Isabelle Eberhardt
Isabelle Eberhardt | |
---|---|
Born | 17 February 1877 Geneva, Switzerland |
Died | 21 October 1904 Aïn Séfra, Algeria | (aged 27)
Nationality | Swiss |
Occupation(s) | Explorer, writer |
Isabelle Eberhardt (17 February 1877 – 21 October 1904) was a Swiss explorer and writer who lived and travelled extensively in North Africa. For her time she was a liberated individual who rejected conventional European morality in favour of her own path and that of Islam.[1] She died in a flash-flood in the desert at the age of 27.[2]

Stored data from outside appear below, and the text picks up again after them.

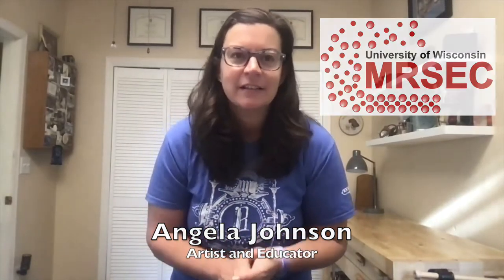Hi, my name is Angela, and I work with the Materials Research Science and Engineering Center at the University of Wisconsin-Madison. Today I'm going to show you some experiments that you can do to play with paper and learn about its properties. We're going to do some activities that focus on texture, tearing, fiber orientation, and spreading.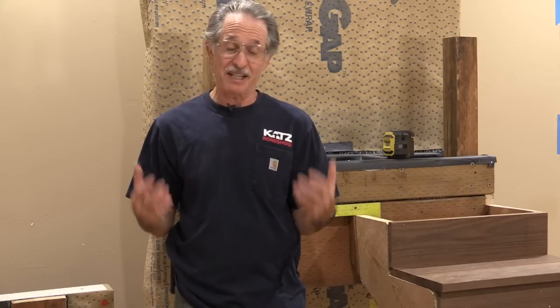I'm Gary Katz from the Katz Roadshow and this is Carpenter Magazine. I don't know how many times I've heard stories about framers complaining about finished carpenters and finished carpenters complaining about framers. It's almost as bad as contractors versus architects.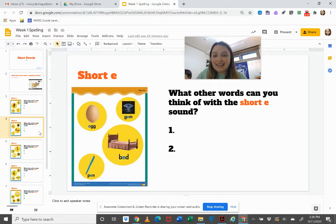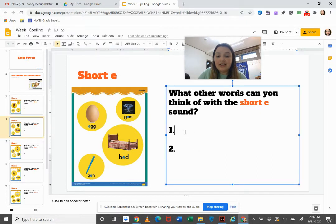The next sound is the short E sound. The short E sound is 'eh' like in egg, jam, bed, and pen. You are going to click and type two more words that have the 'eh' sound.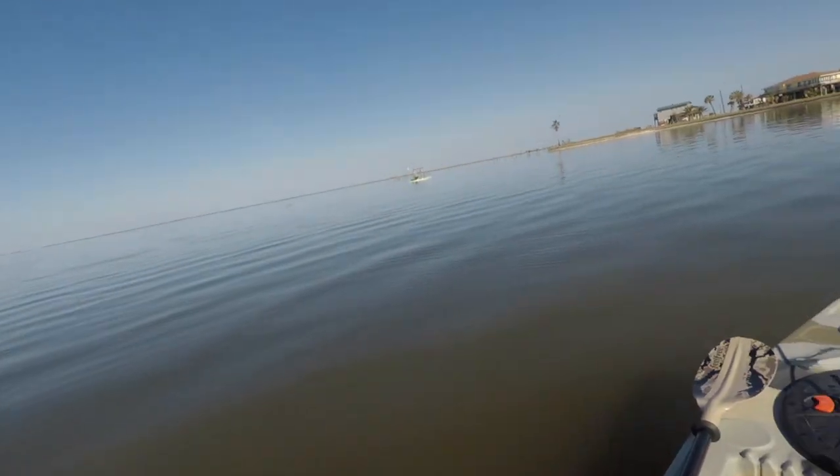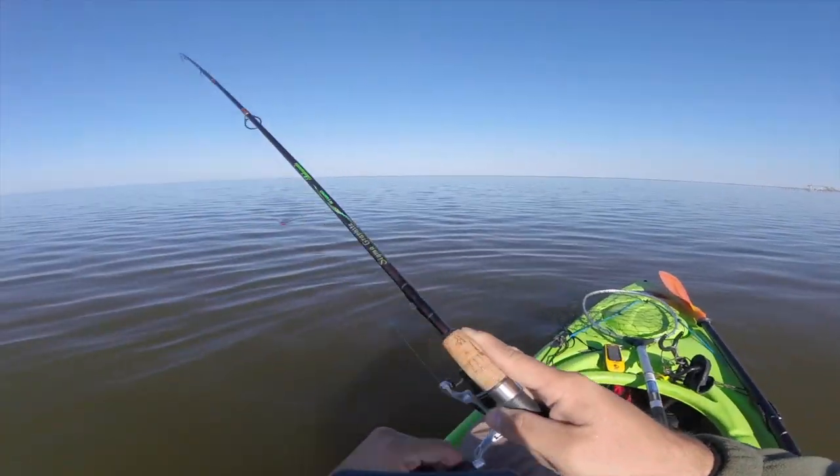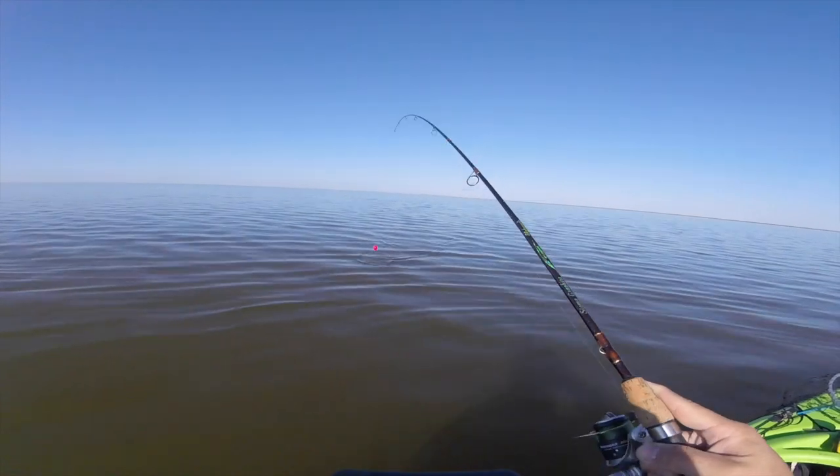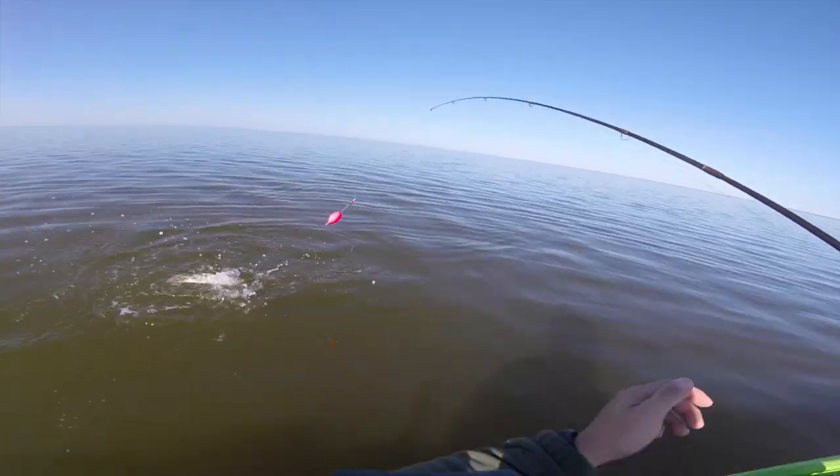Tyler just hit one too — sounds like he's pulling some drag. We might not have to call it a day just yet. I threw out a couple more times and I still got him — got another fish on! Another keeper trout.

Early life and family background
Eberhardt was born in Geneva, Switzerland, to an aristocratic Lutheran Baltic German Russian[clarification needed] mother, Nathalie Moerder (née Eberhardt), and an Armenian-born father, Alexandre Trophimowsky, an anarchist and former priest.[3] Isabelle's mother had been married to elderly widower General Pavel de Moerder, who held important Imperial positions. After bearing him two sons and a daughter she traveled to Switzerland to convalesce, taking along her stepson and her own children, with their tutor Trophimowsky. Soon after arriving in Geneva she gave birth again, to Isabelle's half-brother Augustin, and four months later came the news that her husband had died of a heart attack. She elected to remain in Switzerland and, four years later, Isabelle was born and registered as her "illegitimate" daughter to avoid acknowledging the tutor's paternity.[3]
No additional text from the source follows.